Each insurance policy (other than flood insurance written under the National
Flood Insurance Act of 1968, as amended, in which case to the extent available)
shall (i) provide that it shall not be cancelled, non-renewed or materially
amended without 30-days, prior written notice to Mortgagee, (ii) with respect to
all property insurance, provide for deductibles not to exceed $25,000, contain a
"Replacement Cost Endorsement" without any deduction made for depreciation and
with no co-insurance penalty (or attaching an agreed amount endorsement
satisfactory to Mortgagee), with loss payable solely to Mortgagee (modified, if
necessary, to provide that proceeds in the amount of replacement cost may be
retained by Mortgagee without the obligation to rebuild) as its interest may
appear, without contribution, under a "standard" or "New York" mortgagee clause
acceptable to Mortgagee and be written by insurance companies having an A.M.

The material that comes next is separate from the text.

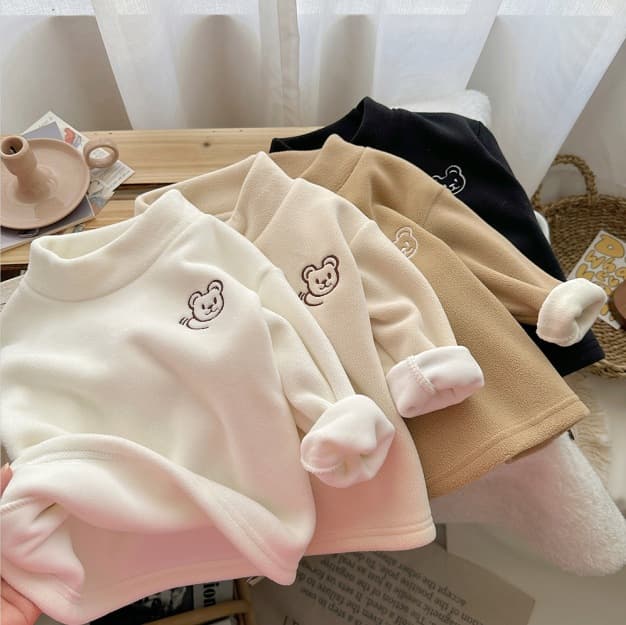 Infant children's fleece-lined thickened autumn/winter style high-neck base layer thermal top for boys and girls baby winter undershirt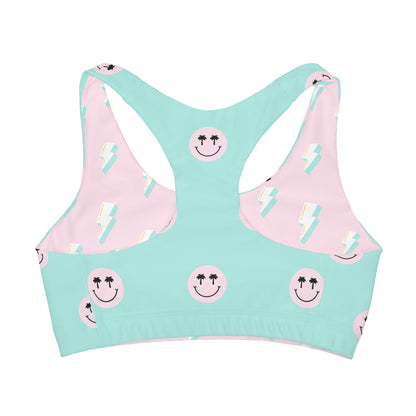 Teal & Pink Smiley Face Girls' Double Lined Seamless Sports Bra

Best Company, Inc. rating of A or higher and a financial size category of not
less than XII, or otherwise as approved by Mortgagee, and (iii) contain an
"manuscript" endorsement providing that Mortgagor may not unilaterally cancel
such policy without Mortgagee's prior written consent. Liability insurance
policies shall name Mortgagee as an additional insured and contain a waiver of
subrogation against Mortgagee; all such policies shall indemnify and hold
Mortgagee harmless from all liability claims occurring on, in or about the
Premises and the' adjoining streets, sidewalks and passageways. The amounts of
each insurance policy and the form of each such policy shall at all times be
satisfactory to Mortgagee. Each policy shall expressly provide that any proceeds
which are payable to Mortgagee shall be paid by check payable to the order of
Mortgagee only and requiring the endorsement of Mortgagee only. If any required
insurance shall expire, be withdrawn, become void by breach of any condition
thereof by Mortgagor or by any lessee of any part of the Mortgaged Property or
become void or unsafe by reason of the failure or impairment of the capital of
any insurer, or if for any other reason whatsoever such insurance shall become
unsatisfactory to Mortgagee, Mortgagor shall immediately obtain new or
additional insurance satisfactory to Mortgagee. Mortgagor shall not take out any
separate or additional insurance which is contributing in the event of loss
unless it is properly endorsed and otherwise satisfactory to Mortgagee in all
respects.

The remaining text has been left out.